On December 18, 2015, President Obama signed into law the Protecting Americans from Tax Hikes Act of 2015 (PATH Act) and the omnibus fiscal year 2016 budget bill. This legislation addressed many individual and business tax provisions which expired at the end of tax-year 2014. Many had come up for renewal every year or two, leading to uncertainty for taxpayers and making meaningful tax planning difficult.

Retroactive to tax-year 2015, the act enhanced or made “permanent” a number of these provisions and further extended others temporarily. I use the term “permanent” somewhat tongue-in-cheek. As we all know when it comes to tax laws, nothing is really permanent.

Below is a summary of some of the more-popular personal tax provisions impacted by the legislation.

Qualified Charitable Distributions

IRAs are tax-efficient goldmines when it comes to charitable giving. For nine years, Congress allowed taxpayers age 70-1/2 and older to transfer up to $100K annually directly from IRAs to charities. Such transfers, known as Qualified Charitable Distributions (QCDs), are treated as non-taxable distributions.

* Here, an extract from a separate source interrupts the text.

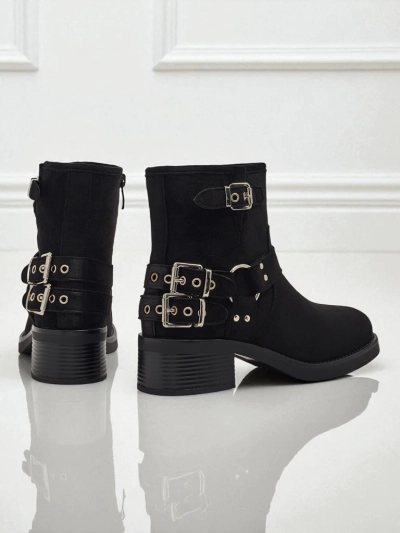 Bottines pour femmes en daim écologique avec boucles Valtos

Congress had been erratic in allowing QCDs, first in four consecutive 2-year periods, then most recently in 2014. They are now allowed on an ongoing basis.

There are several advantages to giving in this manner. Perhaps the greatest is that required minimum distributions (RMDs) may be used to fund these transfers. For folks who do not need their RMDs for household cash flow, such transfers allow both RMD and charitable interests to be satisfied simultaneously.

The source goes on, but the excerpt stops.